Sharp Fret Edges on Affordable Guitars are common. But, hey - buying affordable guitars is fun! So, when you get a guitar with sharp fret edges, (even it may be frustrating), there are solutions that you can do yourself.
If you have a guitar with sharp frets - read on for a number of quick and easy solutions...
OK, so you just purchased a beautiful used Epiphone or Squier Strat, (or similar quality/value/priced used guitar)... I'm sure it's amazing, the finish is to be admired, and the modern electronics on most affordable guitars are quite good, and the price was right...
BUT...the edges of the frets may feel like little razor blades......why?......quite simply it's the old "Time value of Money", or the cost of a factory spending additional production money/time on any finished good, especially affordable guitars from quality makers often times does not fit their final cost detail goals.

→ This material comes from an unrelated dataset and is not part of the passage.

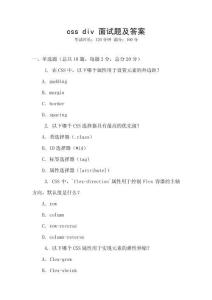 css div 面試題及答案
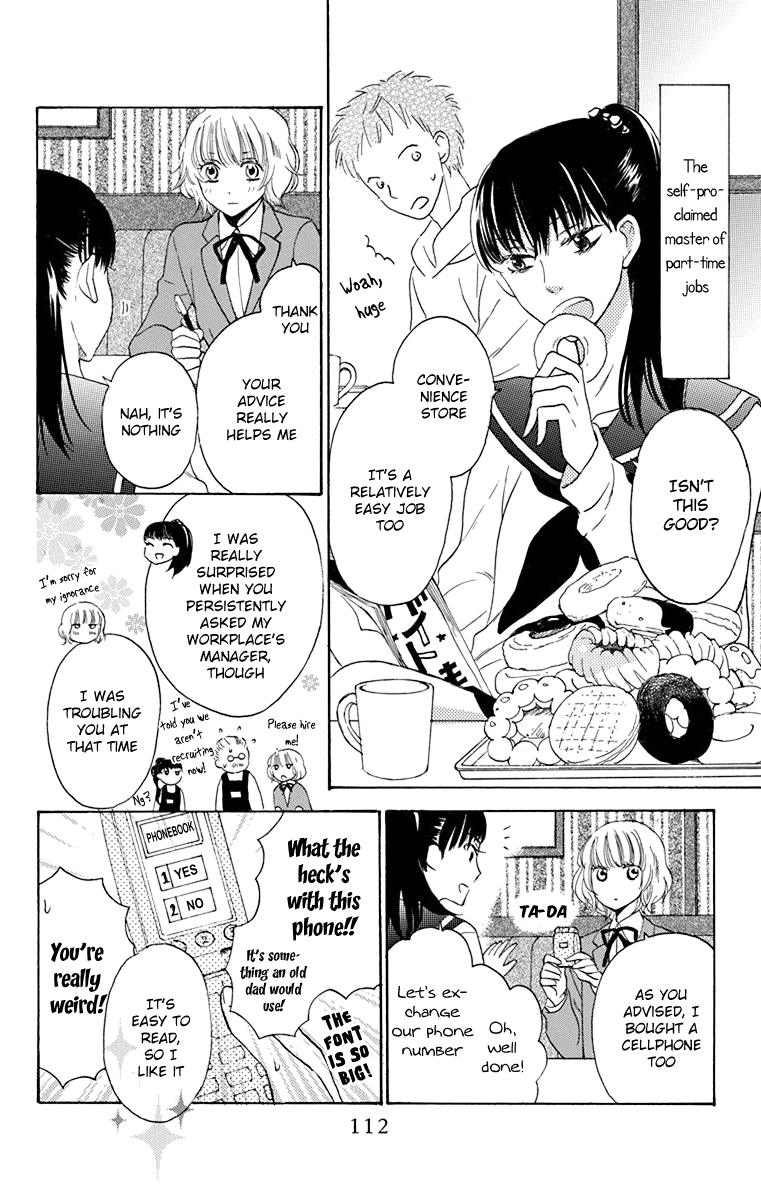 Nejimaki Mano-San - Vol.1 Chapter 3: Mano-San: Afterwards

Hand finished fret work adds significantly to the cost of production of many guitars.
Here's an animation video of an automated fret press used at the China guitar plants. It frets an entire guitar in 3 min. flat. Yes, that fast!
Unlike many high end guitars, (which commonly cost up to 10 times above a mass production guitar), a lot of the higher cost involved with the more costly guitars is the quality of the hand finished work on the frets, thus the savings on the lower value guitars can come from the lack of final finish work, especially in the fret edge department.
This does not mean your affordable Epi or Sq-fender or similar quality/value guitar can't have nice finished frets.
Here's a hand fret dressing in action, (very time consuming)...
When frets are installed using an automated fret press and dressed by a machine the detail for inconsistencies in the wood cannot be addressed. In the China plants, automation is a quality standardized method of fret installation and fret dressing.
Now, if you look closely at your similar style affordable guitar, you'll see that the sharp edges, are not addressed with the fret dress template from the China factory. This is the common reason for the concern, as the sharp edges in most cases are still there after the guitar leaves the factory and are not noticed until you slide the inside of your fingers or thumb up and down the fret-board.
Take a common household paper towel, and fold it into a square, hold it in the palm of your hand and move up and down the edge of the fret-board.....if you don't have sharp edges....the paper towel will not tear.
The paper towel will show signs of wear and tear if you do have sharp frets. While it may be minor, it takes away from the enjoyment of your new guitar, and the feeling of discomfort over time will drive you to play less or look for another guitar.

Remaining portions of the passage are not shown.